I've caught you up on my Christmas travels and my wild trip to Toronto. Let me bring you up to date on the latest craziness to impact my life.
The flight back to Vancouver was uneventful. My seatmate had been one of the last people to board the plane. After exchanging some perfunctory greetings and establishing territory as passengers in economy do, I put my head down a few times and caught a few winks of sleep. It has always been a blessing to be able to sleep pretty much on demand.
As we crossed into the Rockies the plane bounced a bit hitting mountain updrafts. I resisted the urge to do the roller coaster whoop to honor more nervous passengers. But a few minutes later realized that my seatmate was one of them. She kept pulling her headphones off and on, picking up her book for a few seconds and then putting it back down. Getting more and more agitated.
Simple questions. "Are you okay? Is there anything I can do?"
"That turbulence freaked me out and I can't relax."
First Aid attendant skills kicked in. "Hey that happens as we cross into the mountains. Where are you from?" Distraction. Bristol, UK as it turns out. Knew that she wsn't from around here from the accent. She was working for a financial firm that had just opened an office in Vancouver.
And from there we had a fantastic easy conversation. It was funny to watch her relax not even realizing that she wasn't thinking about the turbulence anymore. And when I mentioned we were landing in a few minutes, she thanked me realizing that I had put aside my own stuff just to spend some time listening to her and calming her down. With a smile I told her that it was part of what I do with patients while we are waiting for ambulances. She chuckled. "You're pretty good at too." Yup I'll take that compliment.

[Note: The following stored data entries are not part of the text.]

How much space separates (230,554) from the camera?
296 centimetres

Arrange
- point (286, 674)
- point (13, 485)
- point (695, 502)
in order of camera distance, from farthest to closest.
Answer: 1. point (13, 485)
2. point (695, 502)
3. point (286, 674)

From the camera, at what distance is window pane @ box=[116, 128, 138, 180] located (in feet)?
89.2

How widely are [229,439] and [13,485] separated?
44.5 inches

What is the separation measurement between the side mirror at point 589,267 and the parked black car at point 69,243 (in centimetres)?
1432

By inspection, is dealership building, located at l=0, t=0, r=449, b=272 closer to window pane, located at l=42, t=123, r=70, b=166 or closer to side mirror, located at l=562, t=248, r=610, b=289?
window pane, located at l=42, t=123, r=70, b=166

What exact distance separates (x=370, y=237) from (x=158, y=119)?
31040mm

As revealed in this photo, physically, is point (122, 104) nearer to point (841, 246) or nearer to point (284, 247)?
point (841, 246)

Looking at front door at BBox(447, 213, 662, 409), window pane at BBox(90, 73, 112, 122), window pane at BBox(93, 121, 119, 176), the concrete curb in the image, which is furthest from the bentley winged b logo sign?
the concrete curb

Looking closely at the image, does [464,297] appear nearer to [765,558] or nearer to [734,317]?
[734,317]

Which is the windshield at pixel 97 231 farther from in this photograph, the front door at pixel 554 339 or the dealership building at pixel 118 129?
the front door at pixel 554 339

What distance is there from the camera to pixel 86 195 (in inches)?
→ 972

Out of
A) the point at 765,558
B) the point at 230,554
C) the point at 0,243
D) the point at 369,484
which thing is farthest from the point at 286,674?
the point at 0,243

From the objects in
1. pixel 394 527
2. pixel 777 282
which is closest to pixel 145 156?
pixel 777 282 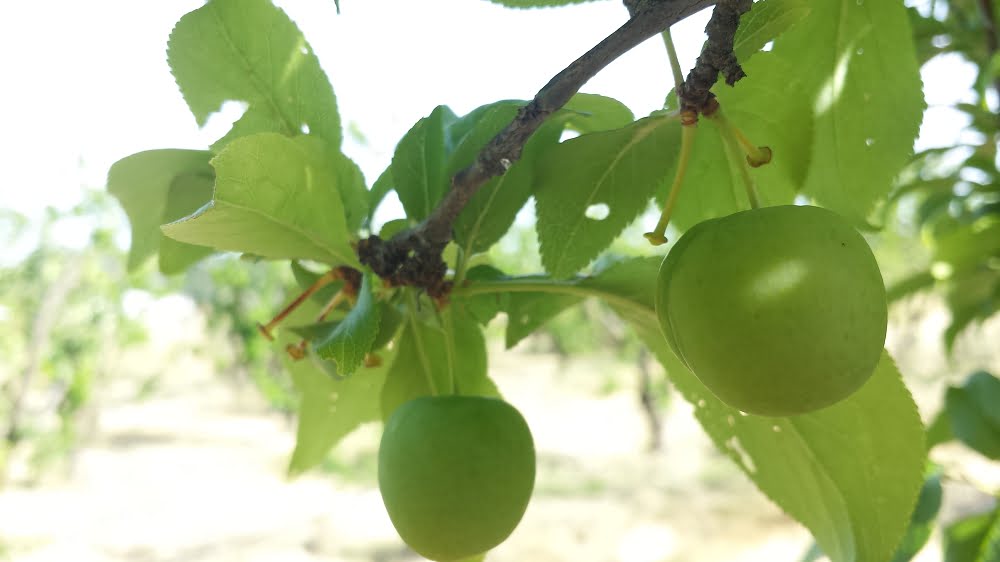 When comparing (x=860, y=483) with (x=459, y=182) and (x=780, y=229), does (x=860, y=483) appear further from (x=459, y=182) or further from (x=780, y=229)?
(x=459, y=182)

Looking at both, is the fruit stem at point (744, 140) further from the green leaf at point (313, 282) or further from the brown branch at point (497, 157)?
the green leaf at point (313, 282)

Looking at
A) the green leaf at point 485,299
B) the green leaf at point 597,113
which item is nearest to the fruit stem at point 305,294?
the green leaf at point 485,299

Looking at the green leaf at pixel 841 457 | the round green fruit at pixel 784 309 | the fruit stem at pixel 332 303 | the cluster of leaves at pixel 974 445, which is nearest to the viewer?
the round green fruit at pixel 784 309

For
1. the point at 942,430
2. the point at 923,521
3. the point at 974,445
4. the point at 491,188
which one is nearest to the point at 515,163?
the point at 491,188

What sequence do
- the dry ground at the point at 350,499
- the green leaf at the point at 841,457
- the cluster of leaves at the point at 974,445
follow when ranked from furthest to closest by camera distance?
the dry ground at the point at 350,499 < the cluster of leaves at the point at 974,445 < the green leaf at the point at 841,457

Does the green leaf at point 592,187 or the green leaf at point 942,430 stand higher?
the green leaf at point 592,187

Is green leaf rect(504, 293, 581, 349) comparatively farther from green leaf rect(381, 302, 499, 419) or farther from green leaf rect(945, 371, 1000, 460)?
green leaf rect(945, 371, 1000, 460)

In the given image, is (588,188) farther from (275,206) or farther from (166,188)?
(166,188) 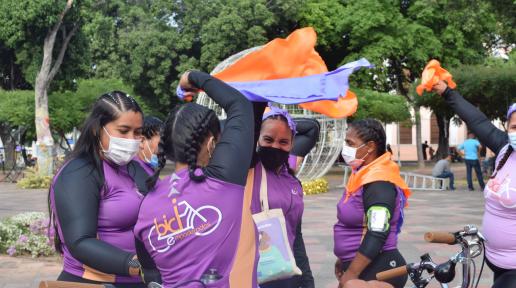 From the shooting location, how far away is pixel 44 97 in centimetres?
2248

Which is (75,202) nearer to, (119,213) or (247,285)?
(119,213)

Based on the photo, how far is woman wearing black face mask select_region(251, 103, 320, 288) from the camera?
289 centimetres

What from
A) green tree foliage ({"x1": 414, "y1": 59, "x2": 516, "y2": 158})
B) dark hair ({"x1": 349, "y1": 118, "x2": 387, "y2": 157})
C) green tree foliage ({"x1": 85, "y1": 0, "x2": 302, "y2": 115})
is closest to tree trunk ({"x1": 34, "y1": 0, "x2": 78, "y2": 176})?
green tree foliage ({"x1": 85, "y1": 0, "x2": 302, "y2": 115})

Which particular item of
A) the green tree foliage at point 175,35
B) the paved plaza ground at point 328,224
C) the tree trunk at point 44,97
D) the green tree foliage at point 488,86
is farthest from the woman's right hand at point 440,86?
the green tree foliage at point 175,35

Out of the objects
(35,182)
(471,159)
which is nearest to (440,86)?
(471,159)

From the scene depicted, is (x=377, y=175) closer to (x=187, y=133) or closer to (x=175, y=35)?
(x=187, y=133)

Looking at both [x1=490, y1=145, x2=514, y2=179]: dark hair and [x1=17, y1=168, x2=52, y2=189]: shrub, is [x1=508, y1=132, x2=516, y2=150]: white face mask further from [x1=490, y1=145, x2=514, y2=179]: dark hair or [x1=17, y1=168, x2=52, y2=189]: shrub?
[x1=17, y1=168, x2=52, y2=189]: shrub

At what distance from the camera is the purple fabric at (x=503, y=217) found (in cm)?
326

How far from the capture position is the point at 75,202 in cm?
248

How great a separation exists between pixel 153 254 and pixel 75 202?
48 centimetres

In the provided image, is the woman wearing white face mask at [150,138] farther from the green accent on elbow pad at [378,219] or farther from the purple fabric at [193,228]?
the purple fabric at [193,228]

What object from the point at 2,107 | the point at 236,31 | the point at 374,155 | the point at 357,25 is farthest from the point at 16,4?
the point at 374,155

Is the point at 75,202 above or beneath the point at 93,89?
above

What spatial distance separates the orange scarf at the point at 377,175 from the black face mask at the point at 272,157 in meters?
0.44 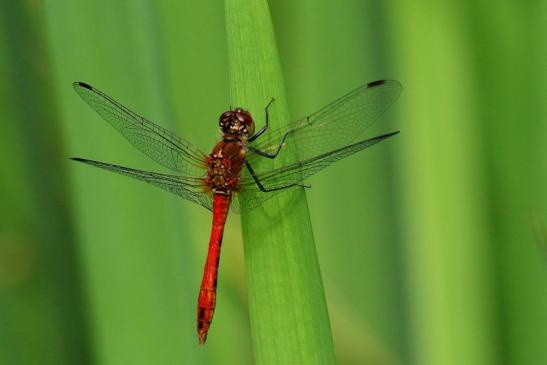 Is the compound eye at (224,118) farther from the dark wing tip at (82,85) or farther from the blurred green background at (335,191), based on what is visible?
the dark wing tip at (82,85)

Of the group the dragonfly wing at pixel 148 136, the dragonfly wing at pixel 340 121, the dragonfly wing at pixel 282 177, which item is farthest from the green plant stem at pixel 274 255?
the dragonfly wing at pixel 148 136

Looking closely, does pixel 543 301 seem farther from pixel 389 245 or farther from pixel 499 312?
pixel 389 245

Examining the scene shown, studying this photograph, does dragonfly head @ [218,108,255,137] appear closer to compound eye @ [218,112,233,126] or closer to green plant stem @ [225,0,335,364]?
compound eye @ [218,112,233,126]

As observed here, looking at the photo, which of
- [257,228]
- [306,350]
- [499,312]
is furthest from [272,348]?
[499,312]

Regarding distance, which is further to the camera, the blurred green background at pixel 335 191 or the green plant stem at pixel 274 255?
the blurred green background at pixel 335 191

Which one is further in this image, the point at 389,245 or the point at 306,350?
the point at 389,245

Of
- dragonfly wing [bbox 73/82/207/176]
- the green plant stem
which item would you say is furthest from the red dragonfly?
the green plant stem

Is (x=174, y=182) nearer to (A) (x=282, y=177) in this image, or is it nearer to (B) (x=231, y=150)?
(B) (x=231, y=150) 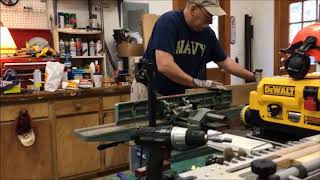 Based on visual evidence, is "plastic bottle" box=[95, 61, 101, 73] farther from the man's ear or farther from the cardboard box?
the man's ear

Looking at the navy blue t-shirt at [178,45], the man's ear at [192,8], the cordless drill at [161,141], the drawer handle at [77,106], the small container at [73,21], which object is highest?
the small container at [73,21]

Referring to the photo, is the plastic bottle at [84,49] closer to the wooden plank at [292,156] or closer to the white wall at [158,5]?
the white wall at [158,5]

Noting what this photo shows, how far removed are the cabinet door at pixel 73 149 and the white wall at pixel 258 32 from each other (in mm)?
2234

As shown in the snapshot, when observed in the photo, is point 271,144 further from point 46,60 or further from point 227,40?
point 227,40

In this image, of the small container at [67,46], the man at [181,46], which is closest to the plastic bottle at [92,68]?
the small container at [67,46]

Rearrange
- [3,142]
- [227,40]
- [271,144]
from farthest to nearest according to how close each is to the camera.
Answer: [227,40], [3,142], [271,144]

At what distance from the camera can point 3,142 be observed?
2781mm

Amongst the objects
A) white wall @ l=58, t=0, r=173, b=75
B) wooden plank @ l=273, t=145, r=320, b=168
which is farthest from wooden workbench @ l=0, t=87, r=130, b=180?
wooden plank @ l=273, t=145, r=320, b=168

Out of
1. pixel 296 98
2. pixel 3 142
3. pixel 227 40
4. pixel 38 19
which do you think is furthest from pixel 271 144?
pixel 227 40

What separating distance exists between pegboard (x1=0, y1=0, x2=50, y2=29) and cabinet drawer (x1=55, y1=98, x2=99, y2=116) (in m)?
0.83

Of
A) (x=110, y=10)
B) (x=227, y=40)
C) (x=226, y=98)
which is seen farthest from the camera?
(x=227, y=40)

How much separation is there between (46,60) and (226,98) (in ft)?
6.04

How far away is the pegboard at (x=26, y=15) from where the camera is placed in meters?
3.10

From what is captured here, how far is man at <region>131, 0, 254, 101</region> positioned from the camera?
1.88 meters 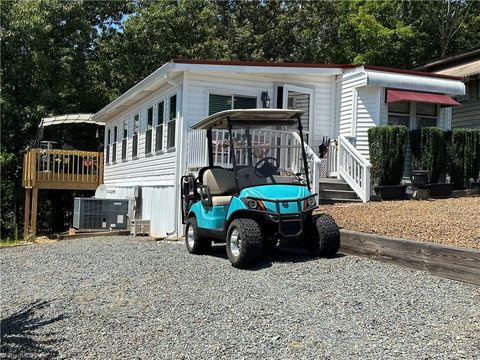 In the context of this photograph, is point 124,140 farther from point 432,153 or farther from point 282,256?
point 282,256

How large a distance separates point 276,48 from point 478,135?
1665 cm

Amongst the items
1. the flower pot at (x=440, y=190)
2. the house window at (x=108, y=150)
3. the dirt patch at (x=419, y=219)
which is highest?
the house window at (x=108, y=150)

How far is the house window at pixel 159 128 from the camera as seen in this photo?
1438cm

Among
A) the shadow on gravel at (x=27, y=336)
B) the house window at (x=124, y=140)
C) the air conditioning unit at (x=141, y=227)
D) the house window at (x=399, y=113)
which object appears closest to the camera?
A: the shadow on gravel at (x=27, y=336)

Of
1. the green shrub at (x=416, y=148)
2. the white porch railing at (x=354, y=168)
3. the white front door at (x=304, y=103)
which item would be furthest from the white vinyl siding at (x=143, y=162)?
the green shrub at (x=416, y=148)

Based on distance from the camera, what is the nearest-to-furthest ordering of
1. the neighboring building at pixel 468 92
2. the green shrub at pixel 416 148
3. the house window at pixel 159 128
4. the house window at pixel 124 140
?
the green shrub at pixel 416 148
the house window at pixel 159 128
the neighboring building at pixel 468 92
the house window at pixel 124 140

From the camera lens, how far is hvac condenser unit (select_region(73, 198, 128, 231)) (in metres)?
14.9

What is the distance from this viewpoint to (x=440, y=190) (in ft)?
39.9

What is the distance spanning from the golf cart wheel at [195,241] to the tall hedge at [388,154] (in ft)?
17.9

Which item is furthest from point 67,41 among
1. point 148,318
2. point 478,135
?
point 148,318

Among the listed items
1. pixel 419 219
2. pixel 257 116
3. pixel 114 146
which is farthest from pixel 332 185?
pixel 114 146

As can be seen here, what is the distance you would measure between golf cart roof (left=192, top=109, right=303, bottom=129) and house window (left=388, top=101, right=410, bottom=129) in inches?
254

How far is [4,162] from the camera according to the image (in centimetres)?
2216

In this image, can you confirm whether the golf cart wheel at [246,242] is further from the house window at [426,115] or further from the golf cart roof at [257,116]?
the house window at [426,115] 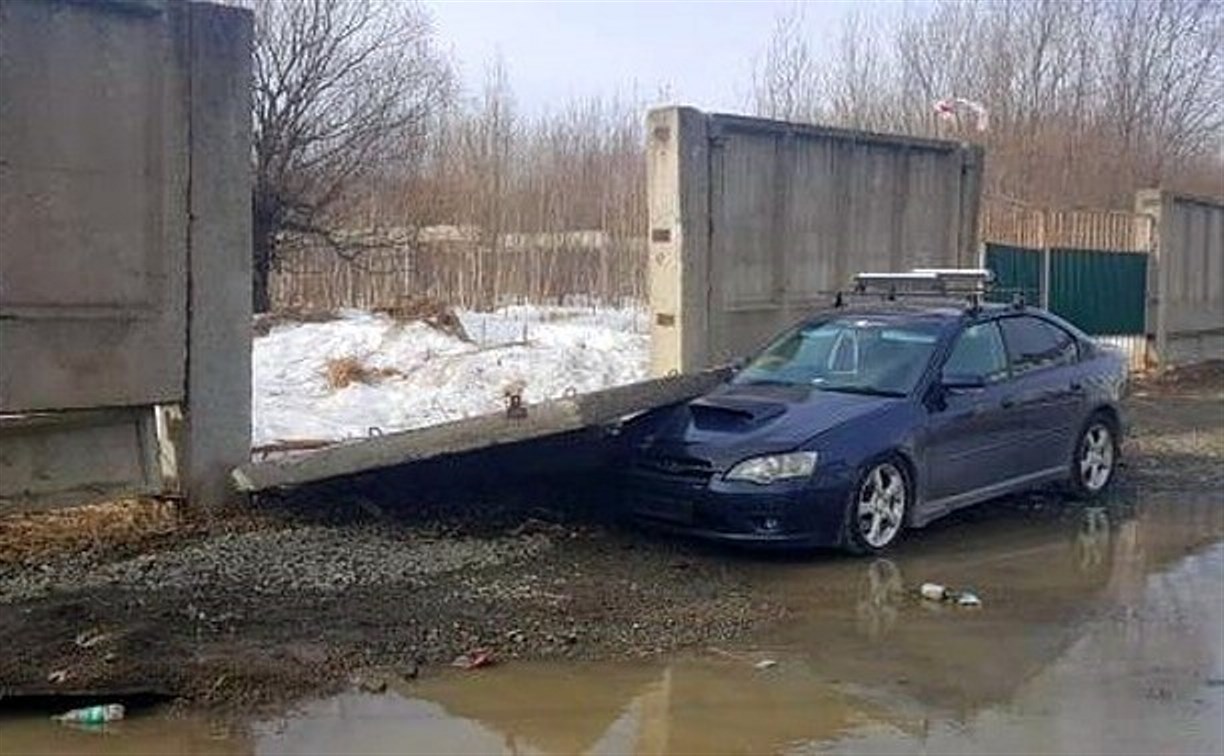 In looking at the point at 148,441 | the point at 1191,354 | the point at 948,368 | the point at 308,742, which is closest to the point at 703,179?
the point at 948,368

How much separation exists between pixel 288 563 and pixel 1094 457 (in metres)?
6.31

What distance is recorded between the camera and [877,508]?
28.4ft

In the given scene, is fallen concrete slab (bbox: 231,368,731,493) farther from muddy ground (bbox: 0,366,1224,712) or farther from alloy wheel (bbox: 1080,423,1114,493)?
alloy wheel (bbox: 1080,423,1114,493)

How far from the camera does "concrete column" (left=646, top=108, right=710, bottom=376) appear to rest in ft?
39.5

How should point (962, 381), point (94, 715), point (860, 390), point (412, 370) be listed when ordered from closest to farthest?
point (94, 715) → point (860, 390) → point (962, 381) → point (412, 370)

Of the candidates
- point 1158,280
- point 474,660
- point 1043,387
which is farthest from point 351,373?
point 474,660

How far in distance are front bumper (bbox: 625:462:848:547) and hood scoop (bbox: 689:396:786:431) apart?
1.49 ft

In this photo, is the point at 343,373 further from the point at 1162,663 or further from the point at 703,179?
the point at 1162,663

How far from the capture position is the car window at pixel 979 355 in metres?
9.38

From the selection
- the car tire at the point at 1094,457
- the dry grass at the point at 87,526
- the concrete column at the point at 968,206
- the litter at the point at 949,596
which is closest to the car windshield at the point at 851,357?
the litter at the point at 949,596

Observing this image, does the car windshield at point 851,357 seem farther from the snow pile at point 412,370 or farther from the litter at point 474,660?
the snow pile at point 412,370

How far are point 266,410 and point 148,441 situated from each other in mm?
6968

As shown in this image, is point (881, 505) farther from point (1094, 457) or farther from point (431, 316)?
point (431, 316)

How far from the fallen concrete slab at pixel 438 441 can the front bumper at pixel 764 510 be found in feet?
2.26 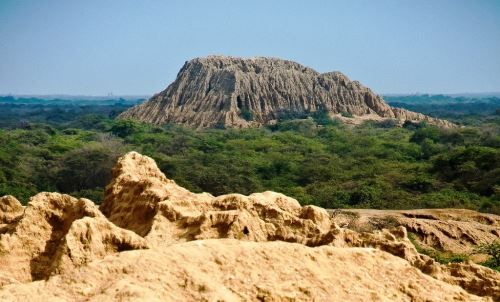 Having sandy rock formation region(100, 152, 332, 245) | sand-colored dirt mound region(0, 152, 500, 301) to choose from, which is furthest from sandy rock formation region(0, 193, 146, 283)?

I said goodbye to my traveling companions at the baggage claim. Then I discovered that I was challenged trying to get out of the airport to the long term car park. I needed to ride the Canada Line Skytrain for two stations to get to the parking lot. From the departures level I could see where the train came into the airport terminal. It was one level above me. I needed to get up one more level but I could not find the way up. Being tired I only looked for a couple of minutes before I asked for help. See guys can ask for directions! It turned out it was around the next bend in the terminal. About fifteen more steps and I would have seen it.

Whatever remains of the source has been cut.